BEGIN RECORDS SUPPLIED
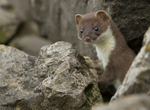 Stoat Kit. Conwy, ref st 9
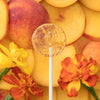 Amborella Organic Seed Bearing Lollipop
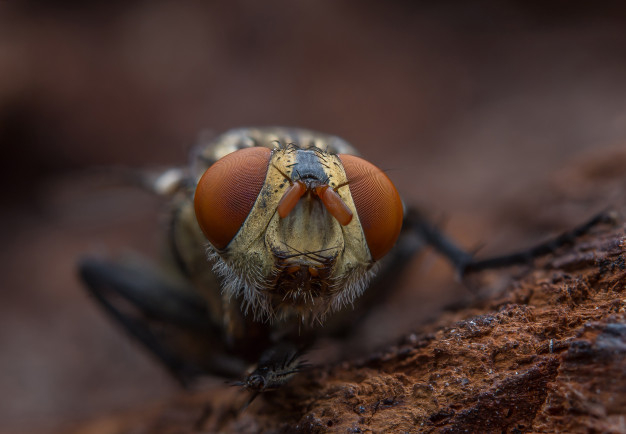 parasite,hairy,compound,housefly,buzz,creepy,small,wet,detail,ugly,pest,big,wildlife,bug,legs,portrait,insect,biology,paw,outdoor,fly,wing,natural,white,graphic,eye,black,grass,science,beauty,red,animal,nature,green,leaf,summer,house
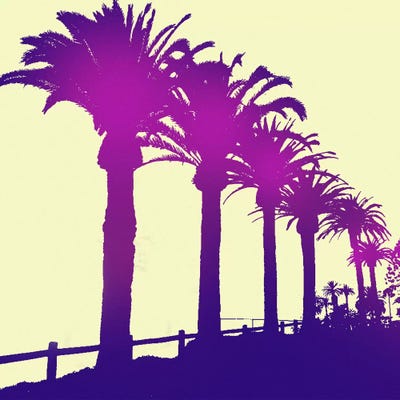 Midnight Purple Palms by 5by5collective canvas print
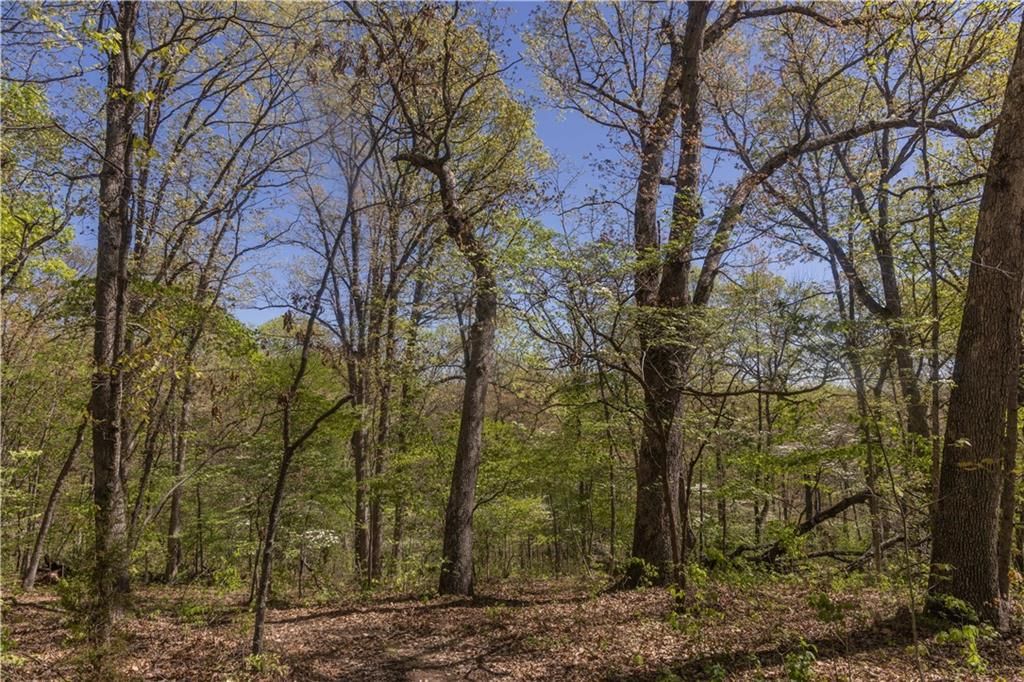 27064 Hickory Tree Lane — photo 58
END RECORDS SUPPLIED
■ WHAT THIS TASK INVOLVES:
Without carrying over any pictures, retype the records above exactly.

■ ANSWER SECTION:
 Stoat Kit. Conwy, ref st 9
 Amborella Organic Seed Bearing Lollipop
 parasite,hairy,compound,housefly,buzz,creepy,small,wet,detail,ugly,pest,big,wildlife,bug,legs,portrait,insect,biology,paw,outdoor,fly,wing,natural,white,graphic,eye,black,grass,science,beauty,red,animal,nature,green,leaf,summer,house
 Midnight Purple Palms by 5by5collective canvas print
 27064 Hickory Tree Lane — photo 58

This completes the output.